Scope: Python, If statements, for loops,

Make sure to read about, and use the template found here, and the important information about projects submissions here.

Dataset(s)

/anvil/projects/tdm/data/flights/subset/

Questions

ONE

First let’s go ahead and see what files are in this dataset

ls /anvil/projects/tdm/data/flights/subset/

This allows you to see all of the files that are in this dataset.

  1. Considering the files in this directory, which years of data are available?

  2. What would the path be to access only the 2003 file in this data set?

  3. Go ahead and import the library pandas as pd, and import Path from pathlib

Helpful Hints
/anvil/projects/tdm/data/flights/subset/2003.csv

import pandas as pd
from pathlib import Path
Items to submit
  • Code used to answer the question.

TWO

files = [Path(f'/anvil/projects/tdm/data/flights/subset/{year}.csv') for year in range(1987,2009)]
files

This code uses list comprehension to create a list of file paths, ranging from the years of 1987-2008 files will now contain strings of file paths for all the csv files in this directory.

Notice that, in a range in Python, the final number in the range is not included.

Let’s test out the first file (from 1987) to see if we can find the column names

  1. How many columns are there?

  2. What are the column names?

  3. Display the data from the first five rows.

Helpful Hints

#reads the first file into a df called eightseven eightyseven = pd.read_csv(files[0]) #looks for column names from the df column_names = eightyseven.columns print(column_names)

Items to submit
  • Code used to answer the question.

  • Result of code.

THREE

Let’s look at the column Origin

  1. Print out the unique elements of the Origin column.

  2. Find the number of times that IND occurs in the Origin column.

Helpful Hint
eightyseven['Origin'].value_counts()['IND']
Items to submit
  • Code used to answer the question.

  • Result of the code

FOUR

Let’s do the same thing for the 1988, 1989, and 1990 data sets, naming them eightyeight, eightynine, ninety.

  1. How many times is 'IND' the Origin airport in eightyeight?

  2. How many times is 'IND' the Origin airport in eightynine?

  3. How many times is 'IND' the Origin airport in ninety?

Items to submit
  • Code used to answer questions

  • Result of the code

FIVE

Knowing that we can find how many times the value IND shows up in Origin, we could do this for each of the years, and add them up, to find the total number of times that Indianapolis airport was the origin airport for flights taken during the years 1987-2008. But that is a lot of work!! We can shorten the tedious work of keeping track and adding things manually, by (instead) using a for loop, to go thru all of the subset files and keep track of the total number of times that IND shows up in the Origin column.

We could use this code

count = 0
for file in files:
    df = pd.read_csv(file)
    count += len(df[df['Origin'] == 'IND'])

print(count)

BUT before you go ahead and copy and paste, this code will take ALL of the files and read them into memory, and this will crash the kernel, even if we upped the cores to 4.

This means we have to think of another way to do it.

We have to use for loops which is a way to iterate to check for certain conditions and repeatedly execute them.
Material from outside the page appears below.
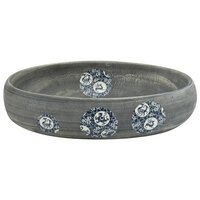 Opzetwasbak ovaal 59x40x15 cm keramiek grijs 4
This is very helpful when you come across situations in which you need to use a specific code over and over again but you don’t want to write the same line of code multiple times.

We need to consider a way that will allow us to go thru the files line by line, and read them but then not commit them to memory. In this way, we can go thru all of the data files and still keep track of how many occurrences we have, for a specific value.

total_count = 0
for file in files:
    for df in pd.read_csv(file, chunksize=10000):
        for index, row in df.iterrows():
            if row['Origin'] == 'IND':
                total_count += 1

print(total_count)

You will note that doing the above code DOES produce the correct answer BUT it take a very long time to run! Is there a shorter way to run this code?

Helpful Hint
origin_ind = 0
for file in files:
    with open(file,'r') as f:
        for line in f:
            if line.split(",")[16] == 'IND':
                origin_ind += 1
print(origin_ind)
Items to submit
  • Code used to answer the question.

  • Result of code.

Please make sure to double check that your submission is complete, and contains all of your code and output before submitting. If you are on a spotty internet connection, it is recommended to download your submission after submitting it to make sure what you think you submitted, was what you actually submitted.

In addition, please review our submission guidelines before submitting your project.